Quand les gens me posent des questions à propos du fatbike, je fais de mon mieux pour leur offrir un point de vue objectif sur le sujet. Les cyclistes expérimentés croient souvent, à tort, que de rouler avec des pneus surdimensionnés revient plus ou moins à la même chose que de rouler à vélo, l’été, sur des pistes de terre ou sur des routes. Pour bien profiter d’une expérience en fatbike, il est essentiel d’avoir une approche minimaliste et de tenir compte, comme on le ferait pour une excursion en ski, des conditions météo et de l’état de la neige.
Alors? Par où on commence quand on s’intéresse au fatbike?
Mon premier conseil serait de louer, plutôt que d’acheter, un vélo à pneus surdimensionnés pour les quelques premières fois. Les vélos diffèrent d’un modèle à l’autre et, forcément, certains vous sembleront plus confortables. Par ailleurs, cela vous permettra de tester des modèles des deux catégories principales: randonnée et course. Même si vous ne prévoyez pas faire de la course, vous pourriez très bien apprécier davantage les modèles plus courts et plus ludiques que sont les fatbikes de course.
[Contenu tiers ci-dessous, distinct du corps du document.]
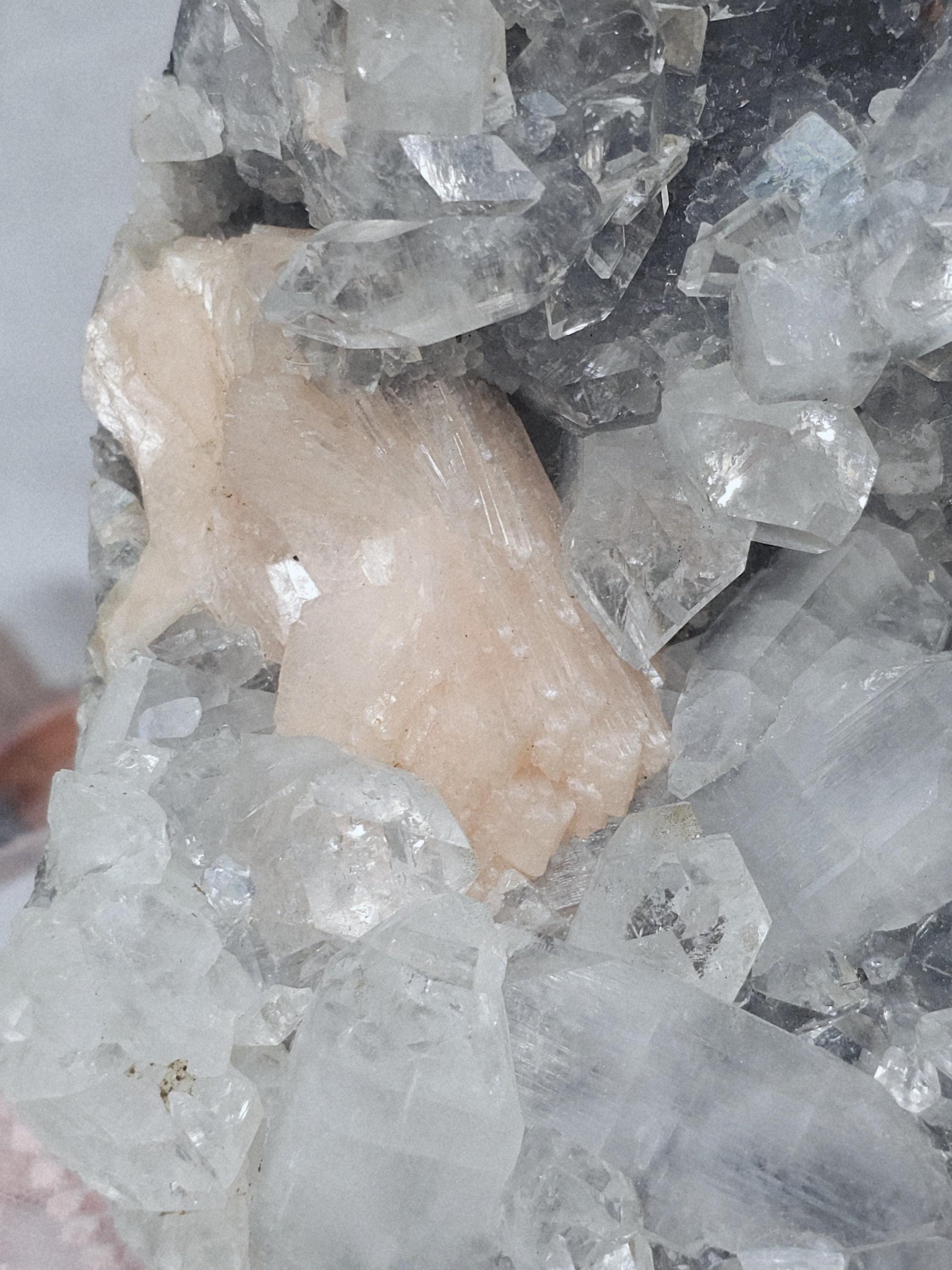 RARE LG 6lb Chrome Diamond  Apophyllite  with Stillbite from India , Apophyllite, Crystal, Crystals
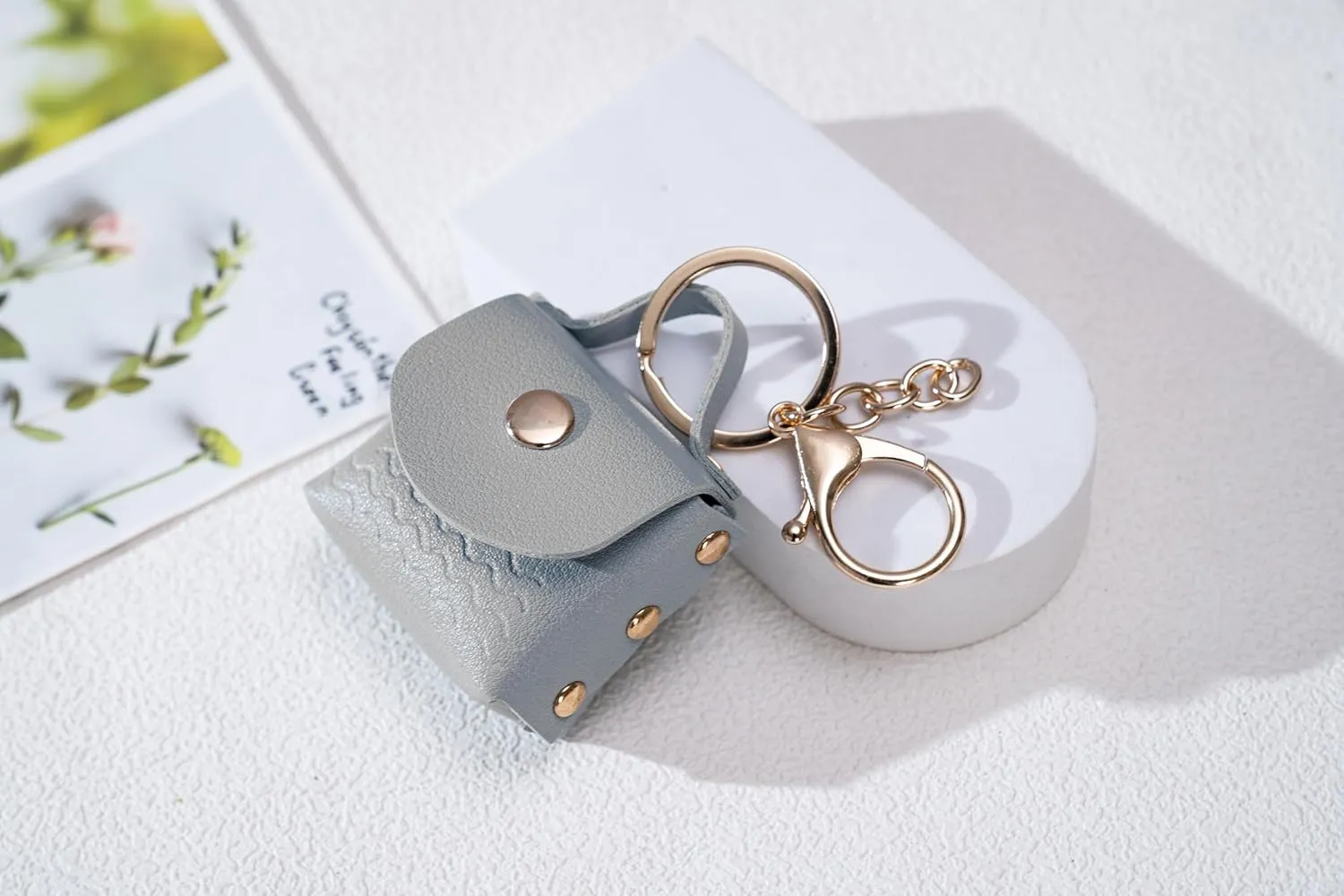 Mini Handbag Keychain，Bag Charms ，Coin Wallet, Earphone Pouch, Keychain - Elegant and Minimalist Design for Women(Grey)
Pour votre première expérience, il serait très utile que vous partiez avec quelqu’un qui a l’habitude du fatbike et qui pourra vous guider dans le choix des vêtements à porter, la gestion de vos attentes, l’analyse des conditions neigeuses et la sélection d’un trajet. Vous éviterez ainsi de vous en imposer plus que vous ne pourriez en prendre, ou même de vous égarer en route. Le conseil le plus important que j’ai à offrir aux débutants est de repérer près de chez eux une section aisée du Grand Sentier, puis de l’explorer dans toutes les directions; évoluer sur des pistes plus exigeantes comme la section des Rocheuses sur le Grand Sentier, dans Kananaskis Country, peut donner du fil à retordre même aux plus habitués.
Choisir une tenue plus légère pour les températures extérieures peut également donner un bon coup de pouce. Pédaler en fatbike exige de grands efforts physiques, donc on a chaud très rapidement; on risque alors d’être trempé. Et puisque la chaleur corporelle descend plus vite lorsqu’on est mouillé, il est plus sécuritaire – et plus confortable! – de rester au sec le plus possible.
Dans le même ordre d’esprit, toute cette dépense énergétique et cette transpiration sont d’excellentes raisons de prévoir des collations et de quoi s’hydrater. Un sac à dos de petit format vous permettra de transporter liquides et en-cas en leur évitant de geler, et vous pourrez également vous en servir pour ranger des couches de vêtements que vous enlèverez probablement en cours de route.
En terminant, il faut retenir que le vélo à pneus surdimensionnés offre toute une variété d’aventures et que la météo, les conditions de neige, le moment de la journée, les vêtements que vous aurez choisi d’enfiler et le sentier sur lequel vous roulerez ne sont que quelques-uns des facteurs qui influenceront votre expérience de fatbike. En gardant cela en tête, les amateurs de plein air qui ont une bonne faculté d’adaptation et qui apprécient l’hiver ont toutes les chances de retomber en enfance!